マツダの5チャンネル体制戦略を知る―アンフィニ・チャンネル編

現在は「魂動」というデザインコンセプトを掲げ、各車デザインを中心に評価されて人気となっているマツダ。

そんなマツダにはかつて「5チャンネル体制」と呼ばれる戦略が存在していたのをご存じでしょうか。

5チャンネル体制は、販売ディーラー名を5つに分けて各ディーラー(販売チャンネル)を一つのブランドとみなし、独自の車種を投入することで販売力アップにつなげようという戦略でした。

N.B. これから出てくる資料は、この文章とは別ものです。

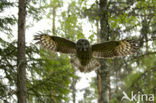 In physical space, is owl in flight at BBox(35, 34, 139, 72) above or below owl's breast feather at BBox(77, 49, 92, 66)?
above

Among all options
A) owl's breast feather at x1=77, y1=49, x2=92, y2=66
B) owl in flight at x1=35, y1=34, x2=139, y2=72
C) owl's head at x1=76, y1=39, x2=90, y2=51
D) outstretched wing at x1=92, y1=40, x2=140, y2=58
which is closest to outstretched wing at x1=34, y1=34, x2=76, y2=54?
owl in flight at x1=35, y1=34, x2=139, y2=72

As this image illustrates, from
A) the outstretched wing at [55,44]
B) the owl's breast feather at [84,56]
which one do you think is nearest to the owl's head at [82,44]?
the owl's breast feather at [84,56]

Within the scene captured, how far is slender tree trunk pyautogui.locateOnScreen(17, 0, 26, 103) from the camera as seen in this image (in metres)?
6.20

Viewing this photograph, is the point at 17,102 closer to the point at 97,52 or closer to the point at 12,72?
the point at 12,72

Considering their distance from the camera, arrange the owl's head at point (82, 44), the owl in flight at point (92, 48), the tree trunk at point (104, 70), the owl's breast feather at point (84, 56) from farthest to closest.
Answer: the tree trunk at point (104, 70) < the owl in flight at point (92, 48) < the owl's breast feather at point (84, 56) < the owl's head at point (82, 44)

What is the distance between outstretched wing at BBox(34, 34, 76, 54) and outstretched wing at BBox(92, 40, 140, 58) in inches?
24.2

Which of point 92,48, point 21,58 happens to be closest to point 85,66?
point 92,48

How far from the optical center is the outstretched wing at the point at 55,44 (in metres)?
6.21

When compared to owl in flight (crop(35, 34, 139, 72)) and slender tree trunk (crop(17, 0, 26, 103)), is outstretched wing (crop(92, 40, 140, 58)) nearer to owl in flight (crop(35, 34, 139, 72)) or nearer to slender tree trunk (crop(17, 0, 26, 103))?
owl in flight (crop(35, 34, 139, 72))

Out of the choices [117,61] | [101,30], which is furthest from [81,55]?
[117,61]

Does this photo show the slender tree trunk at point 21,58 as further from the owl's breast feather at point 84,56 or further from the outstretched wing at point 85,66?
the owl's breast feather at point 84,56

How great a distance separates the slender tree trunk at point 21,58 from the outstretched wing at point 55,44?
0.48 meters

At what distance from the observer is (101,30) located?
6965 mm

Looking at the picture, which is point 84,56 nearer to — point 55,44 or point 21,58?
point 55,44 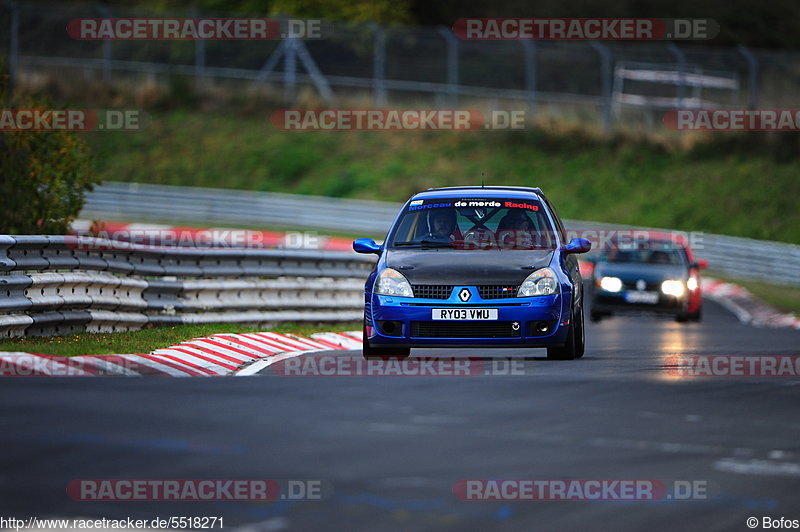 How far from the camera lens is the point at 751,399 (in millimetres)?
10922

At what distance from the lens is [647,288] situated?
81.9ft

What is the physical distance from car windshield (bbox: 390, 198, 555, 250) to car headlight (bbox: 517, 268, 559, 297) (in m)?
0.76

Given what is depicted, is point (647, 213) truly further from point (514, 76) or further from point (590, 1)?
point (590, 1)

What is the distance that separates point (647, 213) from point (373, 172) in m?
9.66

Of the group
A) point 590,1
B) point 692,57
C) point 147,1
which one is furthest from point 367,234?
point 590,1

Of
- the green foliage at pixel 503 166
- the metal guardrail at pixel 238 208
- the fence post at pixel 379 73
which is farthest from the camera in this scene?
the fence post at pixel 379 73

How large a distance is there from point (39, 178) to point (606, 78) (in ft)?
90.3

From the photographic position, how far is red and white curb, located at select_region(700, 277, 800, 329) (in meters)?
28.5

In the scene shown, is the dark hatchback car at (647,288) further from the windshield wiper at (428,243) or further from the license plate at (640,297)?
the windshield wiper at (428,243)

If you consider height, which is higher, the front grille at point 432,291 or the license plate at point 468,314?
the front grille at point 432,291

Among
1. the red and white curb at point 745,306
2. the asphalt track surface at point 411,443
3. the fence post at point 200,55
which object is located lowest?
the red and white curb at point 745,306

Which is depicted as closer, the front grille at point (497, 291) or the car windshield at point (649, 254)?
the front grille at point (497, 291)

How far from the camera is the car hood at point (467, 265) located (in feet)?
43.8

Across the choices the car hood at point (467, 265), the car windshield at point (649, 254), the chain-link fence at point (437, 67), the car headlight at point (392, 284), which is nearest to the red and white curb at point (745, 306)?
the car windshield at point (649, 254)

この戦略が計画されたのはバブル景気の頃。ユーノス・ロードスターが世界中でヒットしたことで、得た利益を基にした更なるラインナップ拡大が1990年代初頭に始まったのでした。

この時期マツダの販売チャンネルは以下のように構築されました。

  • マツダ・チャンネル
  • アンフィニ・チャンネル
  • ユーノス・チャンネル
  • オートザム・チャンネル
  • オートラマ・チャンネル

マツダはこの戦略により年間販売台数100万台という野心的な目標を掲げました。

しかし、蓋を開けてみると5チャンネル体制はニューモデルの乱立による混乱、マツダ車同士の競合、そしてバブル崩壊といった要因が重なり、結果としてマツダは経営困難に陥る事態に。

マツダとしては黒歴史といえる失策でしたが、ここで登場したニューモデルは軒並みマイナー車と化し、マニアの間で語り継がれています。

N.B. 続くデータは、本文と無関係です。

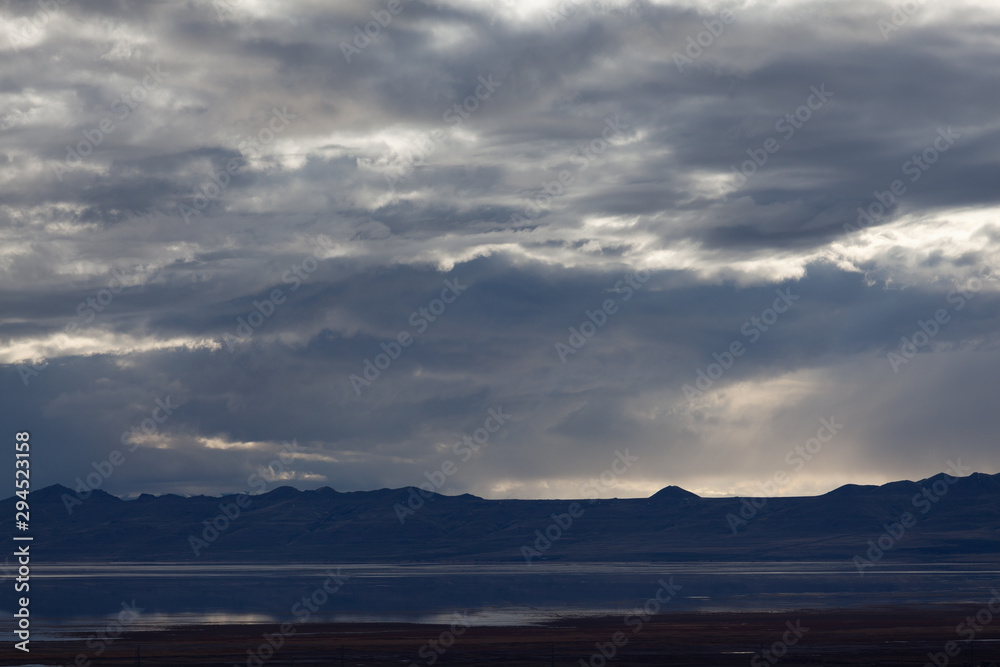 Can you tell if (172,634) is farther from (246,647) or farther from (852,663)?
(852,663)

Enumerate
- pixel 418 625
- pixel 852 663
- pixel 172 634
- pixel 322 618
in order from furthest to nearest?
pixel 322 618 < pixel 418 625 < pixel 172 634 < pixel 852 663

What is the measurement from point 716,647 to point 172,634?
51.7 meters

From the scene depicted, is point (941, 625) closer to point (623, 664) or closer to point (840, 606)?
point (840, 606)

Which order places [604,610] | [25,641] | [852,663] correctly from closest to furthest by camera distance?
[852,663] → [25,641] → [604,610]

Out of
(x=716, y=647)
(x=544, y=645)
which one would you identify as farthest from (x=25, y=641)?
(x=716, y=647)

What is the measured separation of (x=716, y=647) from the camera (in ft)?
295

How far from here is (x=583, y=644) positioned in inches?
3647

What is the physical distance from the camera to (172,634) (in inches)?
4158

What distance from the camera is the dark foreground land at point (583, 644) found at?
8162 centimetres

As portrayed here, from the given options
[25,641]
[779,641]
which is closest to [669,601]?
[779,641]

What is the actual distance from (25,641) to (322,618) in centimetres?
3634

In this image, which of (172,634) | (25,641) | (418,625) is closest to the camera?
(25,641)

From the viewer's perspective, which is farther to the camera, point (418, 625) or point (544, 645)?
point (418, 625)

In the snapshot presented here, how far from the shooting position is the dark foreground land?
3214 inches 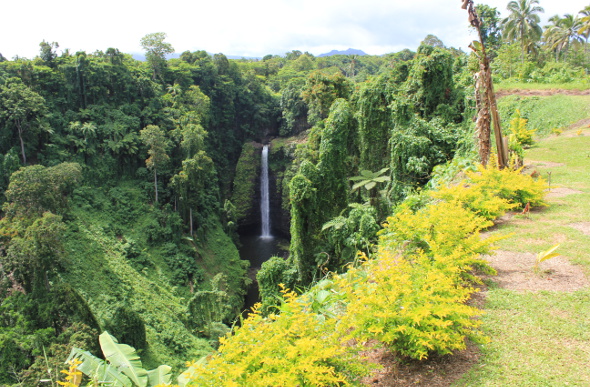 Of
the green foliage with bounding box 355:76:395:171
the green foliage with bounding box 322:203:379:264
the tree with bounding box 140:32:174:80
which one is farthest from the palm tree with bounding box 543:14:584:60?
the tree with bounding box 140:32:174:80

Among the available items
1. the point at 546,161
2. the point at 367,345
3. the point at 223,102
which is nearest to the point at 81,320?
the point at 367,345

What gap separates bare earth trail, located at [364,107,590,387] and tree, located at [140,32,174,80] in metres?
29.2

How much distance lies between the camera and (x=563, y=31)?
27625 mm

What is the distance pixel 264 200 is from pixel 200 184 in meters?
8.97

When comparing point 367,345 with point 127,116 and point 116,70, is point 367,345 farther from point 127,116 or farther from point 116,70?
point 116,70

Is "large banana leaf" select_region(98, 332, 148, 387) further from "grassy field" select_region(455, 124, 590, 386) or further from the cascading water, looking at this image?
the cascading water

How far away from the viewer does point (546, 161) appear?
1030 centimetres

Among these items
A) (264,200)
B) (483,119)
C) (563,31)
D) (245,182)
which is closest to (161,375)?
(483,119)

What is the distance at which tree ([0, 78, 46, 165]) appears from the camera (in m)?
19.2

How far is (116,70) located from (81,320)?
17.4m

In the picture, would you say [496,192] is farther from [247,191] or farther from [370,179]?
[247,191]

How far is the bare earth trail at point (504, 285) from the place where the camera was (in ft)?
11.5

どんなクルマが登場していたのでしょうか。各チャンネルごとに紹介していきたいと思います。

今回紹介するのはアンフィニ・チャンネルです。

アンフィニ・チャンネル

アンフィニ・チャンネルは5チャンネルの中でも上級志向のイメージが与えられたチャンネルです。イメージカラーは緑。

アンフィニ・チャンネルの前身となるのが、乗用車メインのラインナップを揃えていたマツダオート店。5チャンネル体制戦略の一環により、全国のマツダオート店の名前がアンフィニへと変更された経緯を持ちます。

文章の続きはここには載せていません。